> **Exercise goal**
Copy nothing before the line containing "Looking to rent". Reproduce that line and all that follow, exactly, through the end of the records.

START Data for the task

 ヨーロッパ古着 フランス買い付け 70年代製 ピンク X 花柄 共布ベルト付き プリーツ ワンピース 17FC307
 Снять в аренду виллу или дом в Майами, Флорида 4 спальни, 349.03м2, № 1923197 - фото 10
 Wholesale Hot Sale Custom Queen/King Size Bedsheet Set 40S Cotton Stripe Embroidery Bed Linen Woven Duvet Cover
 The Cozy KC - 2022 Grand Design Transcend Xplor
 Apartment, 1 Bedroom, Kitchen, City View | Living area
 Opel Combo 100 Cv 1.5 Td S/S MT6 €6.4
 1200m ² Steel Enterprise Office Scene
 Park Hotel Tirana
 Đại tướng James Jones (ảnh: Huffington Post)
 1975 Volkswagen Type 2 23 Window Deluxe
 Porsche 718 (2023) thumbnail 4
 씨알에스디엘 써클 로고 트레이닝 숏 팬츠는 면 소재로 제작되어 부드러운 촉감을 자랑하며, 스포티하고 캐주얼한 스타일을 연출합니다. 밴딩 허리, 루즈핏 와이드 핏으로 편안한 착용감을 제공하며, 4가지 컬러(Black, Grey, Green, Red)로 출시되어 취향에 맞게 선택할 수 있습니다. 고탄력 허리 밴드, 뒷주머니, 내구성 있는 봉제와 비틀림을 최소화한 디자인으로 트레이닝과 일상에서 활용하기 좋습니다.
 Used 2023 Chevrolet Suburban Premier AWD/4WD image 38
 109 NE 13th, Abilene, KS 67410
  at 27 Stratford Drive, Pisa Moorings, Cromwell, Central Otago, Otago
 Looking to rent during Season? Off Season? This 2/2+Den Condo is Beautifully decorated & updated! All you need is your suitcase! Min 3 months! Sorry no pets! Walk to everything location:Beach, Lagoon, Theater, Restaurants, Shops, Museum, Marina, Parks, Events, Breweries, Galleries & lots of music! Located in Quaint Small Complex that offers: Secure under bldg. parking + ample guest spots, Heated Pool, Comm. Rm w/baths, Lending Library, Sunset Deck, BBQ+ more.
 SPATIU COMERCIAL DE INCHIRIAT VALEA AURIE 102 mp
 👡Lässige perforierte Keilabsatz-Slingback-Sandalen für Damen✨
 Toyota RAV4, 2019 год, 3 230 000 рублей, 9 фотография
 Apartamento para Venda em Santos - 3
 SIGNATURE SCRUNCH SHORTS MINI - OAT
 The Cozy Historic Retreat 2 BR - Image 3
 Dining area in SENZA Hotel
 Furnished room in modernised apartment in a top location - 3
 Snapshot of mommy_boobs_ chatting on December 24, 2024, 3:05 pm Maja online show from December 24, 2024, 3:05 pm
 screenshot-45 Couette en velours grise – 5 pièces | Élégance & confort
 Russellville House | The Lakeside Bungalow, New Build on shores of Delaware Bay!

END Data for the task

> **Output of the exercise**
 Looking to rent during Season? Off Season? This 2/2+Den Condo is Beautifully decorated & updated! All you need is your suitcase! Min 3 months! Sorry no pets! Walk to everything location:Beach, Lagoon, Theater, Restaurants, Shops, Museum, Marina, Parks, Events, Breweries, Galleries & lots of music! Located in Quaint Small Complex that offers: Secure under bldg. parking + ample guest spots, Heated Pool, Comm. Rm w/baths, Lending Library, Sunset Deck, BBQ+ more.
 SPATIU COMERCIAL DE INCHIRIAT VALEA AURIE 102 mp
 👡Lässige perforierte Keilabsatz-Slingback-Sandalen für Damen✨
 Toyota RAV4, 2019 год, 3 230 000 рублей, 9 фотография
 Apartamento para Venda em Santos - 3
 SIGNATURE SCRUNCH SHORTS MINI - OAT
 The Cozy Historic Retreat 2 BR - Image 3
 Dining area in SENZA Hotel
 Furnished room in modernised apartment in a top location - 3
 Snapshot of mommy_boobs_ chatting on December 24, 2024, 3:05 pm Maja online show from December 24, 2024, 3:05 pm
 screenshot-45 Couette en velours grise – 5 pièces | Élégance & confort
 Russellville House | The Lakeside Bungalow, New Build on shores of Delaware Bay!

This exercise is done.